Inloggen
voeg je verhaal toe

Verhalen

Ralfje 9

De winden

De winden fluisterden hun boodschap langs de slapende stenen en struiken die er roerloos tegenaan leunden schudden plotseling hun gebladerte wanneer ze de boodschap hoorden. fluisterde langs murmelende beekjes. Brulden de boodschap over randen van diepe ravijnen en de luie heuvels hoorden de vier winden zwijgend aan.

Als een lopend vuurtje kwam het bericht in China aan. De machtige grote draak wachtte hen op.
- Jullie had jezelf de moeite kunnen besparen, riep hij vanaf zijn hoge post.
Het was mij reeds bekend welk lot de wereld wacht. De kristallen zijn al te duister om in te zien. Daarom heb ik mijn dochter haar lot reeds tegemoet gestuurd. Wat gebeuren moet gebeurt. Toen joeg hij de winden terug.

Mopperend suisden de winden terug joegen bomen en struiken schrik aan door hun onbesuisdheid en het water in rivieren en zee kolkte daardoor.

De grote Chinese draak zweeg over de verblijfplaats van zijn drakendochter.
De draak die haar zou huwen moest haar wel verdienen door haar te vinden.

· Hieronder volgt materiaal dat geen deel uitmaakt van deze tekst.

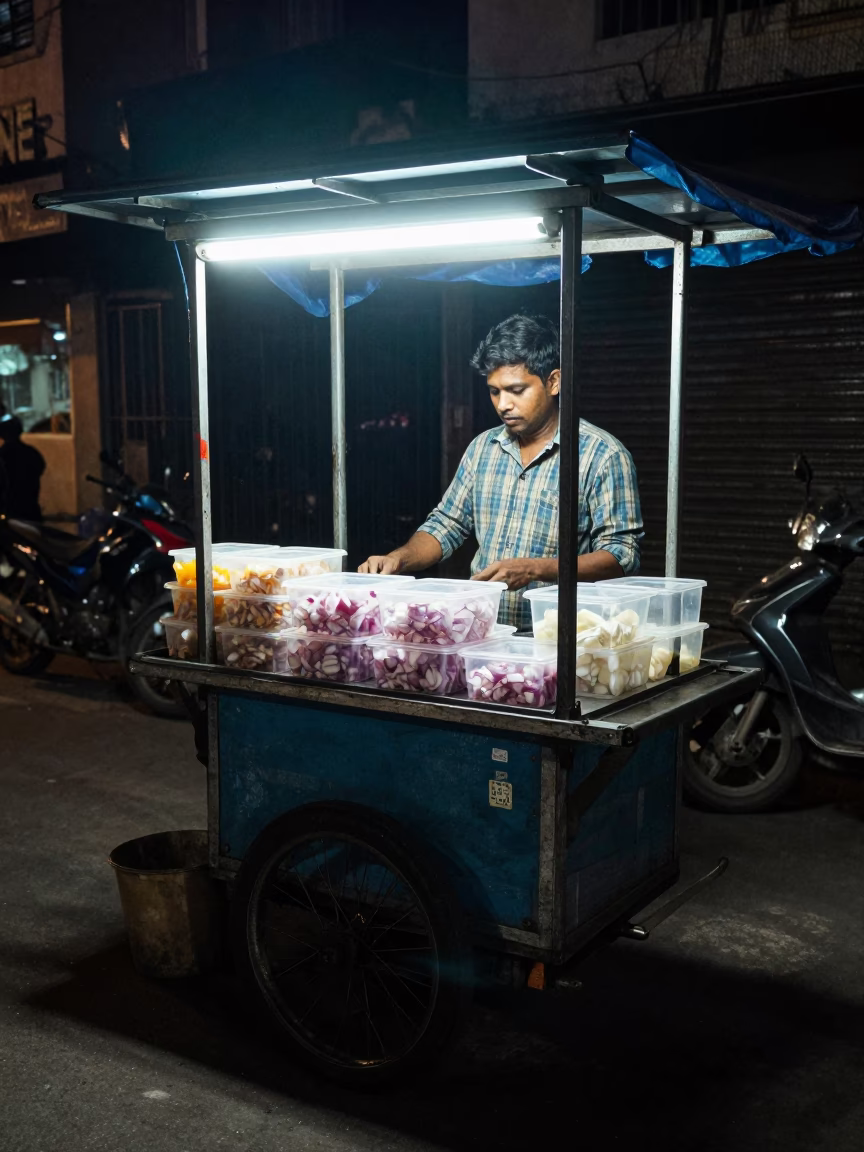 Late Night Mumbai Street Food Stall with Vendor and Plastic Containers in in Mumbai, India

Albi de draak sleepte zich voort in het duister van de nacht.
Hij zocht hij de hemel af om een glimp van de maan op te vangen. Ook hij hoorde het gefluister van de wind, En treurde omdat het lot zo onvriendelijk was voor zijn bruidje en hemzelf.
Al dagen wachtte hij op het medicijn. De drakengrotmuis had om de pijn te verzachten wat heelkruid gebracht om op zijn gewonde vleugel te leggen.
Albi had Flora los gemaakt, tenslotte kon ze het eiland niet zonder hulp verlaten.

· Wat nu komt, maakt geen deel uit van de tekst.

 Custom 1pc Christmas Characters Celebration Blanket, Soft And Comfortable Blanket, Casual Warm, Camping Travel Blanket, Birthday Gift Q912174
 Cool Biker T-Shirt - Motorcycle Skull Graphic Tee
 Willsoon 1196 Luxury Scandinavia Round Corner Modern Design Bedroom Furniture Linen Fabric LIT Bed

Flora had medelijden met de draak en zocht het eiland af naar kruiden die de draak tot voedsel konden dienen.
De draak gloeide weer even op toen op een morgen Benny de albatros terugkeerde met het bericht dat Leda met het medicijn onderweg was.
Het vuur in de droeve drakenogen doofde echter weer even snel uit.
Flora durfde nu wel dichter bij de draak in de buurt te komen. Voorzichtig probeerde ze erachter te komen hoe de vloek weer ongedaan gemaakt kon worden.

Flora droomde over de groene kabouter. Ze zag hem samen met haar broers. De draak had haar over hem verteld. Nu hoopte ze dat deze onbekende haar zou komen redden van het eiland. De kabouter die zo hard kon lopen om de vloek ongedaan te maken.

Als Albi maar op tijd genezen zou zijn. Ook hij moest de zevende dag na de vloek bij de steen aanwezig zijn. O wat waren ze allemaal dom geweest.

'Vriend, vijand verenigd rond de steen.' Zo luidden de regels.
Wanneer Albi niet meer instaat zou zijn erheen te vliegen dan werd de vloek niet ongedaan gemaakt.
Flora had moeite haar tranen in te houden.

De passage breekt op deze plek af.